• [SOURCE MATERIAL]
□ □ □ □ □

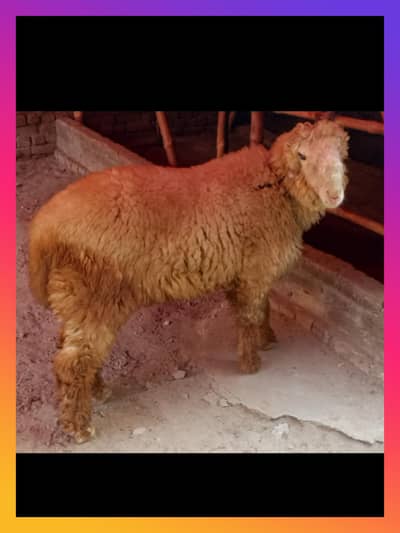 03188305150 only whatsapp mundra for sale in Gujranwala age 6 month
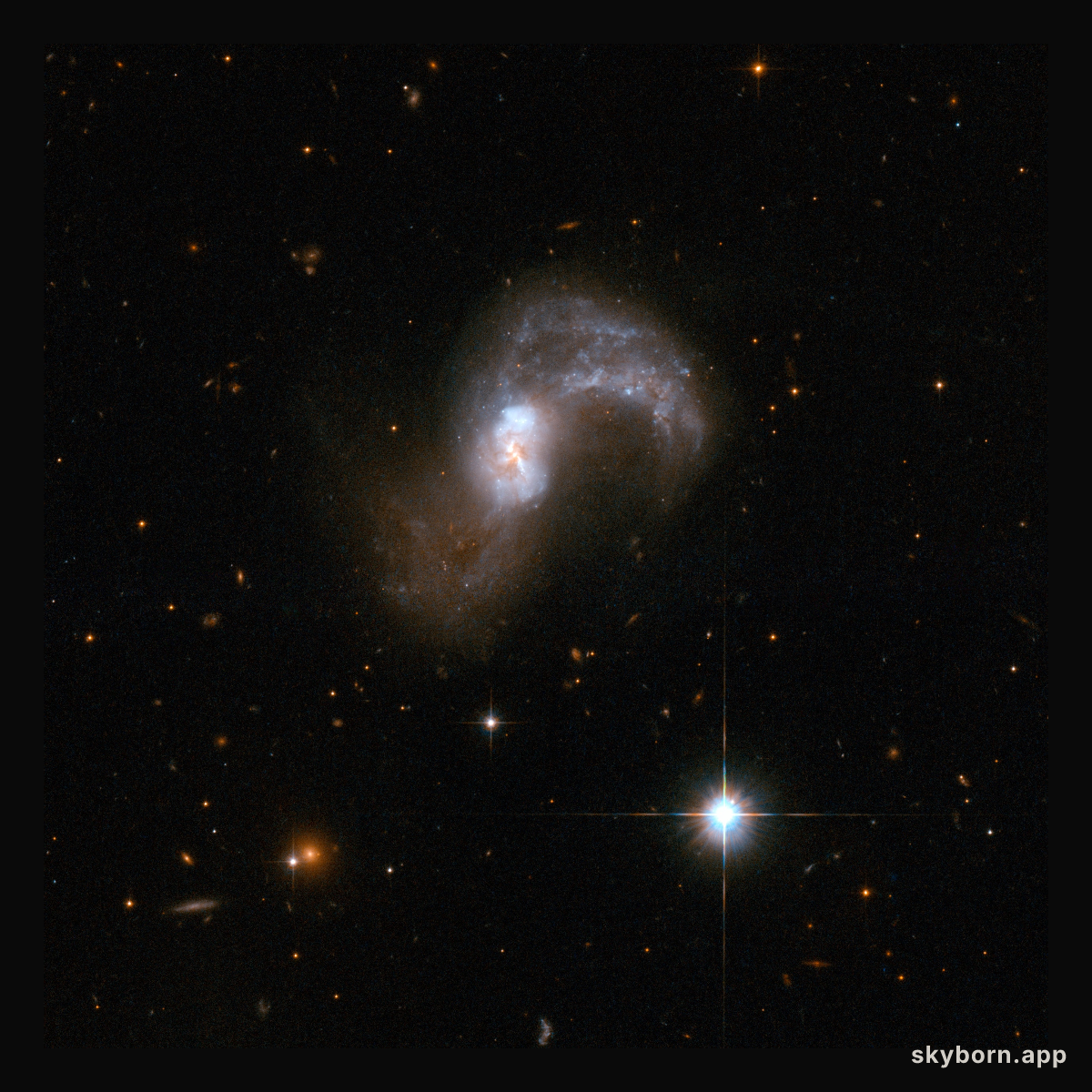 IC 2545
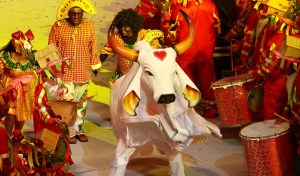 O Boi Garantido faturou mais um campeonato no Festival de Parintins, ano passado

□ □ □ □ □

• [TASK PROMPT]
The pictures alone are to be left out when the data above is copied; all else must match exactly.

• [RESPONSE]
 03188305150 only whatsapp mundra for sale in Gujranwala age 6 month
 IC 2545
 O Boi Garantido faturou mais um campeonato no Festival de Parintins, ano passado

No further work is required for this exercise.